[![Open In Colab](https://colab.research.google.com/assets/colab-badge.svg)](https://colab.research.google.com/github/engelberger/tutorials-ai4pd-2025/blob/main/tutorial_alphafold2_i89_conformations_v3.ipynb)

# Tutorial: Understanding Conformational Selection in AlphaFold2 through Coevolution Analysis

**Duration:** 90 minutes  
**Instructor:** Felipe Engelberger  
**Date:** AI4PD Workshop 2025

---

## Learning Objectives

By the end of this tutorial, you will understand:

1. **Coevolution → Structure**: How AlphaFold2's Evoformer leverages evolutionary information to predict structure
2. **MSA → Conformation**: Why MSA presence/absence determines which conformation is predicted
3. **The i89 Case Study**: How removing coevolution signal at the calcium-binding site enables alternative conformation prediction
4. **Conformational Sampling**: Using MSA subsampling and dropout to explore conformational landscapes
5. **Recycling Dynamics**: How AlphaFold2 "changes its mind" about conformations during iterative refinement

## Scientific Background

AlphaFold2's Evoformer module processes Multiple Sequence Alignments (MSAs) to extract coevolution patterns - residues that mutate together through evolution often interact in 3D space. For the i89 protein (Guo, Kortemme et al.), this coevolution signal strongly biases predictions toward the calcium-bound state. By manipulating the MSA input, we can control which conformation AlphaFold2 predicts.

## Tutorial Overview

1. **Setup and Introduction** - Prepare environment and introduce i89 protein
2. **Coevolution Analysis** - Understand the evolutionary signal in the MSA
3. **Structure Predictions** - Compare predictions with/without MSA
4. **Conformational Sampling** - Explore subsampling and dropout strategies
5. **Recycling Analysis** - Track conformational changes through iterations
6. **Results Summary** - Synthesize findings and implications


## Section 1: Environment Setup

First, we'll set up our environment with the AF2 Utils package that provides a simple wrapper around ColabDesign.


In [None]:
#@title Install Dependencies and Import Libraries
import os
import sys
import warnings
warnings.filterwarnings('ignore')

# Check if running in Colab
IN_COLAB = 'google.colab' in sys.modules

# Download required files if not present
if not os.path.exists("af2_utils.py"):
    os.system("wget -q https://raw.githubusercontent.com/engelberger/tutorials-ai4pd-2025/main/af2_utils.py")
    
if not os.path.exists("logmd_utils.py"):
    os.system("wget -q https://raw.githubusercontent.com/engelberger/tutorials-ai4pd-2025/main/logmd_utils.py")

# Import packages
import af2_utils as af2
import numpy as np
import matplotlib.pyplot as plt
from pathlib import Path
import json

# Setup environment
af2.setup_environment(verbose=False)

# Check and install dependencies if needed
status = af2.check_installation(verbose=False)
missing = [k for k, v in status.items() if not v and k != 'environment_setup']
if missing:
    af2.install_dependencies(
        install_colabdesign='colabdesign' in missing,
        install_hhsuite='hhsuite' in missing,
        download_params='alphafold_params' in missing,
        verbose=False
    )

print(f"✓ AF2 Utils v{af2.__version__} ready")
print(f"✓ LogMD: {'available' if af2.check_logmd() else 'not available (install with: pip install logmd)'}")
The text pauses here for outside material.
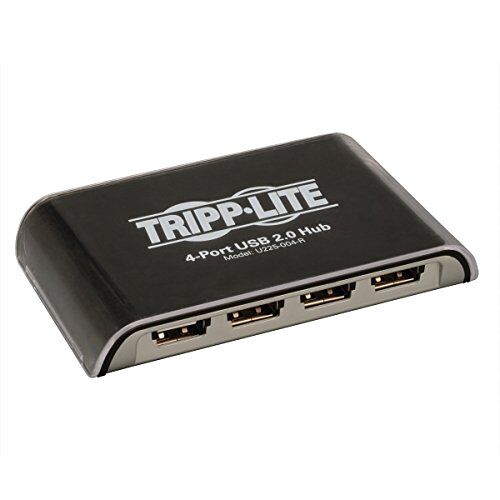 Tripp Lite (U225-004-R) USB-hub (4 poorten, Hi-Speed gegevensoverdracht tot 480 Mbit/s)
## Section 2: The i89 Protein System

The i89 protein is a 96-residue designed protein that exhibits two distinct conformational states:
- **State 1**: Calcium-bound conformation (typically predicted with MSA)
- **State 2**: Alternative conformation (accessible without MSA)

This conformational switching makes i89 ideal for understanding how AlphaFold2 uses evolutionary information.


In [None]:
#@title Define i89 Sequence and Load Reference Structures

# i89 protein sequence (96 residues)
I89_SEQUENCE = "GSHMASMEDLQAEARAFLSEEMIAEFKAAFDMFDADGGGDISYKAVGTVFRMLGINPSKEVLDYLKEKIDVDGSGTIDFEEFLVLMVYIMKQDA"

# Download reference structures if needed
if not os.path.exists("state1.pdb") or not os.path.exists("state2.pdb"):
    os.system("wget -q https://raw.githubusercontent.com/engelberger/tutorials-ai4pd-2025/main/state1.pdb")
    os.system("wget -q https://raw.githubusercontent.com/engelberger/tutorials-ai4pd-2025/main/state2.pdb")

# Load reference coordinates
state1_coords = af2.load_pdb_coords("state1.pdb")
state2_coords = af2.load_pdb_coords("state2.pdb")
ref_rmsd = af2.calculate_rmsd(state1_coords, state2_coords)

print(f"i89 protein: {len(I89_SEQUENCE)} residues")
print(f"RMSD between State 1 and State 2: {ref_rmsd:.2f} Å")
print(f"Calcium-binding loop: residues 85-95")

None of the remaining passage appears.